What are recurrent neural networks and how can you use them
Photo by Jake Hills on Unsplash

Recurrent neural networks (RNNs) are helpful for specific time-series problems.

A time series problem is one where the x-axis is time, and the y-axis is something you want to measure.

Example of a time series graph

A typical time-series problem might be 'guess the next value'. Another might be 'classify this time series'.

'Are you saying I can use this to predict the future?'

Yes.

'Can I use this to predict the stock market and make millions?'

Maybe. But probably not :)

A simple problem that multi-layer perceptions can't solve

Consider the following time-series classification problem:

  • We have a set of time series of arbitrary lengths.
  • Each time series element is either a 1 or a 0.
  • If a time series has two 1's next to each other, it's considered to be in the 'positive' class.
  • Otherwise, it's in the negative class.

There are two reasons why this model cannot be solved using multi-layer perceptions. Firstly, such models only work with input vectors of fixed length. We want the model to take in vectors of arbitrary length. We could pad the inputs with 0's and pass the model the same size vector every time... but how would we know how long to make it?

The second problem is even more serious. Second, multi-layer perception models don't perceive the temporal relationship between the input variables. It cannot know which input vector element came 'before' another.

Now, it might be possible to build an MLP model big enough so that it overfits the training data and scores perfectly, but such a model is of limited practical use.

We'd rather have a framework specifically built for temporal data.

Enter recurrent neural networks.

Some advantages of RNNs

The first advantage of RNNs over other types of networks is that they can take in inputs of any length. You don't need to do anything different to a vector of lengths 10 and 100. Put them both in, and the model will be fine.

That's a nice property to have.

The second main advantage is that RNNs encode the temporal relationship between the variables in the time series. That means it can 'learn' the relationship between variables.

So, how do RNNs work?

I thought you'd never ask.

Here's a simple neural network:

A simple neural network

The input is 0.6. The first weight is 0.2, and the first bias is 0.7. Then there's a ReLU activation (if you don't know what that is, don't worry too much for now - it's the bit in the middle). The second weight and bias (0.1, 0.2) turn the hidden neuron into an output of 0.28.
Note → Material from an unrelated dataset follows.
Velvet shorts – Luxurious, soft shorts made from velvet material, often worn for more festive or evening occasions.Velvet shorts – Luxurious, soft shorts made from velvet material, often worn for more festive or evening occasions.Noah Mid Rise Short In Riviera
All these numbers are arbitrary – I just made them up for this example.  

So far, so good.

The clever bit

The real power of RNNs lies in the fact that the output of one neuron can be passed to the next.

Let's see this in another diagram.

Look closely at the diagram above. The first two elements of the time series are the 'inputs' on the left (0.5 and 0.6). The output of the first neuron (the top line) is ignored, but the model can 'pass' information about the previous neuron down to the next one. This is then added to the value of the second neuron to get a new output.
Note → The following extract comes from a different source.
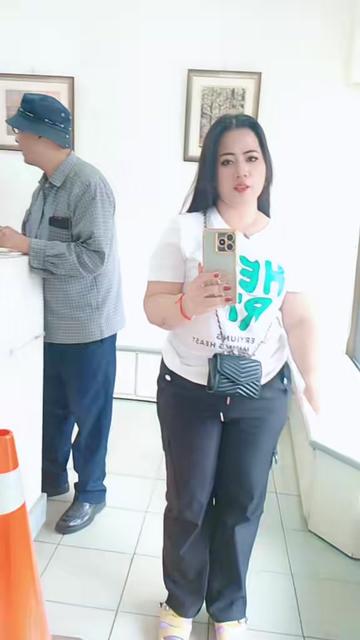 @๐L๐{ ่ๆ }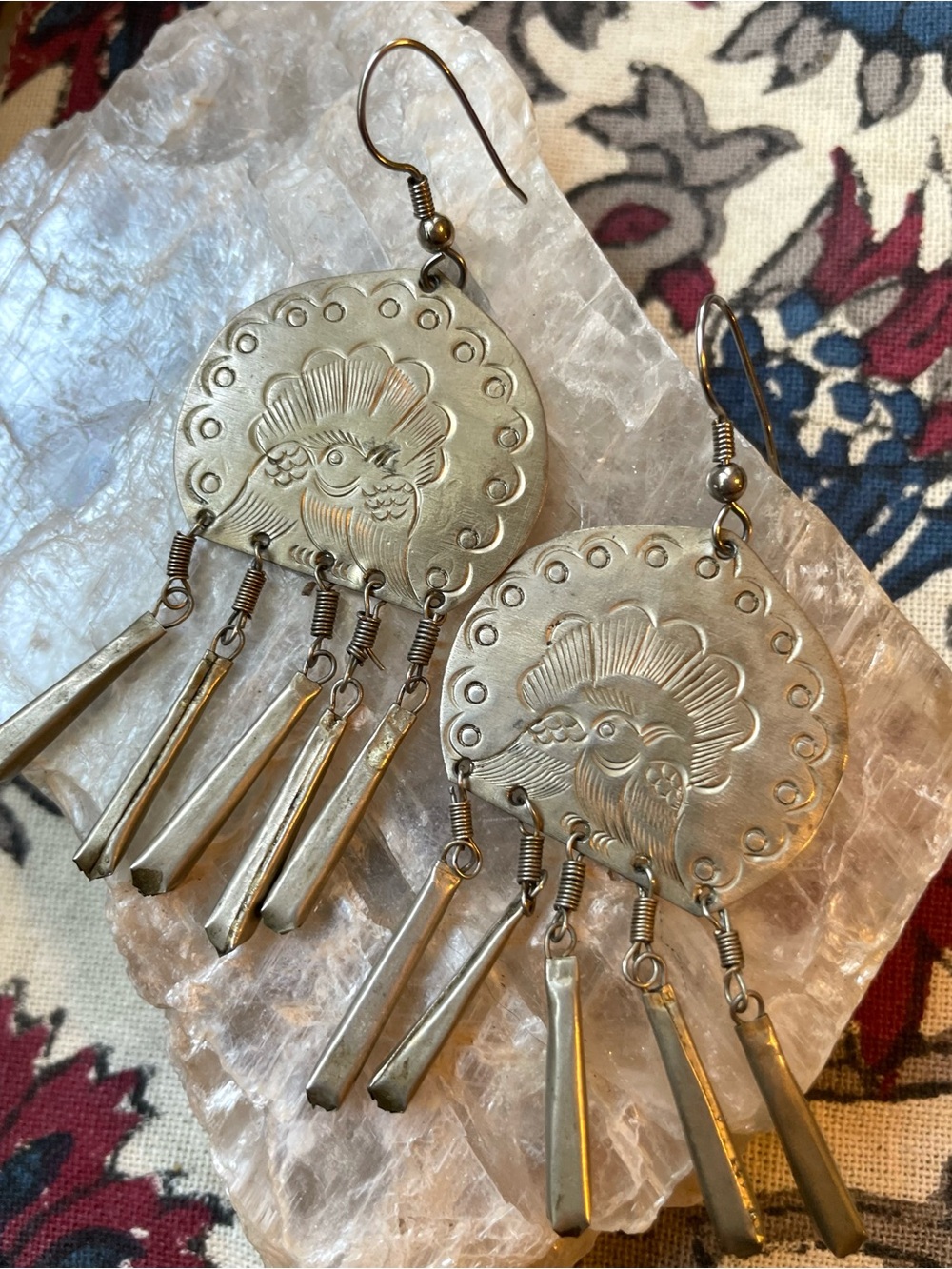 Vintage 70βs Handmade Silver-Tone Boho Peacock Dangle Earrings - Picture 5 of 6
This 'unravelling' of time series makes it easy to understand how a network can pass information about past events into the future.

Now, some important points to make.

Firstly, the weights in the unravelled neural network are all the same. It isn't that each node has its own weight. For example, all the weights working on the input variables are the same. That's what allows the network to work on networks of arbitrary length. If all the weights were different, the model would need to know how long the input vector was, and we'd lose one of the valuable properties of the network.

In real life, of course, you're probably not going to have just one RNN working on a problem but many, each one searching for different features. This will likely be followed by a fully connected layer (or several such layers).  

Problems with RNNs

Alas, RNNs have a fatal flaw. This is known as either the vanishing gradient problem or the exploding gradient problem (depending on which flavour of problem you have.

Now, vanishing gradients are a problem with many types of deep learning algorithms. However, the problem is particularly pronounced in RNNs.

The problem is the weight of the neuron that passes the neuron from the first element of the time series to the second.

Suppose this neuron had a weight of 2. That means, we multiply the result of the first number (in our case 0.82) by 2 and pass it in. That's not so much of a problem by itself. But now suppose you multiply the next one by 2, and the next one by 2, and so on. If your input vector had 100 elements, you'd do this calculation 100 times. That 2^100 – a large number.

Now, imagine that you want to change that weight. You nudge it up a little bit. But because of the architecture of the network, your output is raised to the power of 100. The gradient has exploded. That makes it very difficult to take small steps to find the optimal weight.

Long-short-term-memory networks save the day

Long-short-term memory (LSTM) networks are recurrent neural networks that cleverly evade the exploding and vanishing gradient problems.

However, this work is a bit more complicated and will require its own post to explain.